As shown in the graph below, out of the 800 polls and 15 elections that we analyzed, the only substantial bias (more than 1 point) implicated….the FN. The sign of a wide conspiracy? Not really, since the errors favor the FN: on average, pollsters overestimate the far right by 2 points. In other words, the FN is the only party for which pollsters show a substantial bias – and this is an overestimating bias, which goes against the shy voters theory – something we had already pointed out.
Weighted average bias of all pollsters, by party
The bias is the difference between the poll and the election result. A positive bias indicates an overvaluation of a given party; a negative bias indicates a party that has been undervalued. The weighting is calculated in a way that the 5 most recent elections hold the most weight.
But I have kept something from you: these averages give most of the weight to the last 5 elections in our database.
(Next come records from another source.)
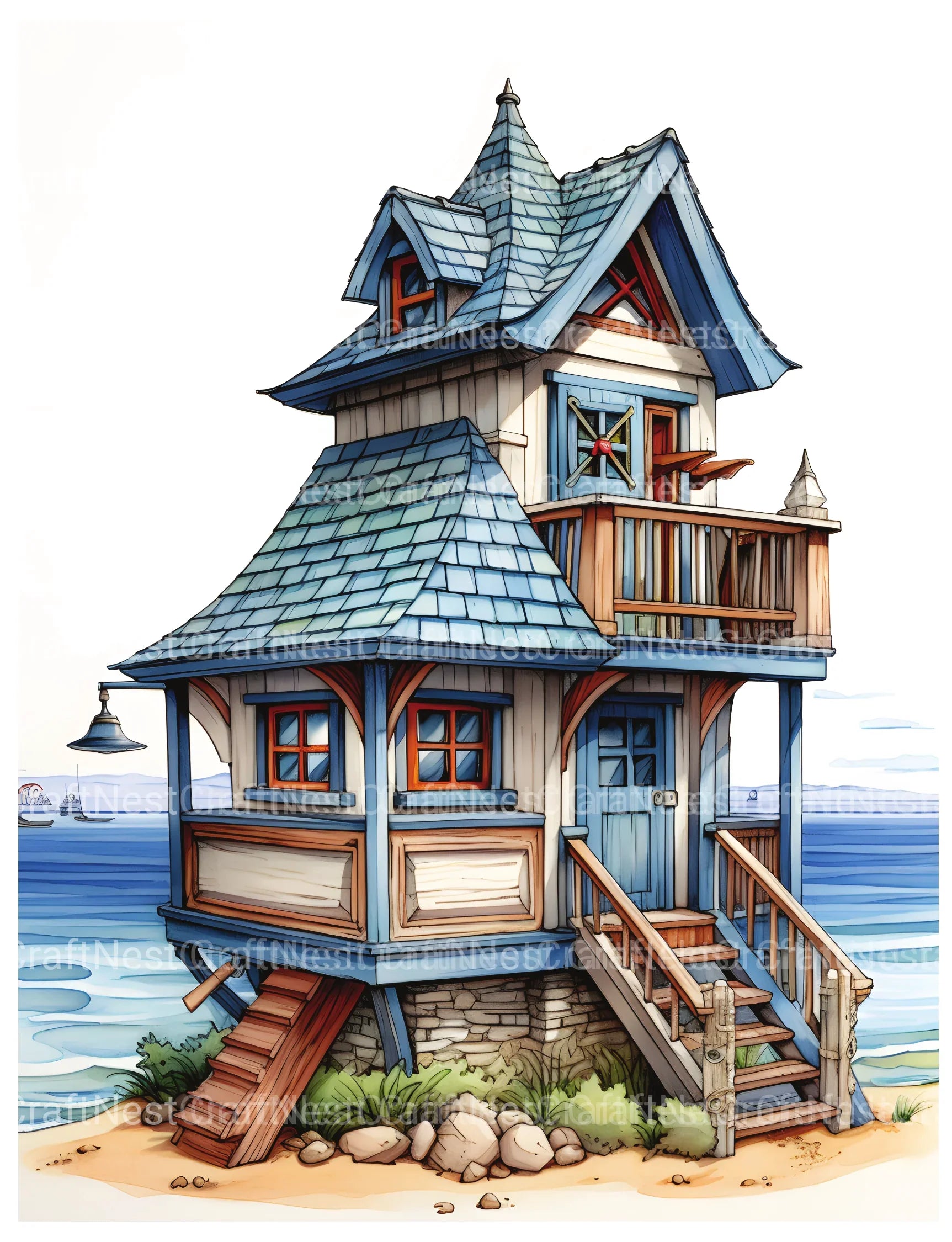 Beach House Coloring Book - CraftNest - Digital Crafting and Art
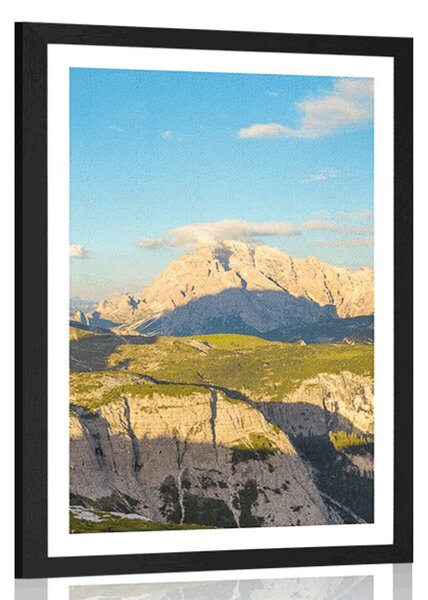 Plakat s paspartuom prekrasan pogled s planina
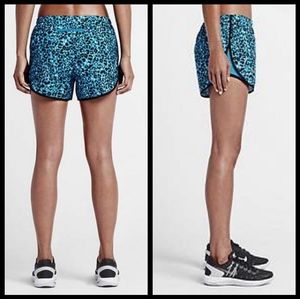 NWT Nike dri-fit blue leopard print running shorts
When we compare them to a simple average (that gives equal weight to all elections, regardless of their date) we notice the overestimation of the FN appeared just recently – ironically, around the same time as the “shy voter” theory.
Weighted average bias towards the far right of each polling institute
The bias is defined by the difference between the poll and the election result. A positive bias indicates an overvaluation of a given party; a negative bias indicates an undervaluation of the party. Elabe and Odoxa have only participated in 3 elections.
Conclusion: in the last 5 elections, all pollsters overestimated the far right – and more so than usual. From now on when you meet a believer of “shy voting”, there is a great chance that she arrived at this conclusion either because she did not look at the data (in which case I would be grateful if you told her about us), or because she chose to ignore it. In a partisan debate it is almost required. To understand what polls have to say it is a real hurdle.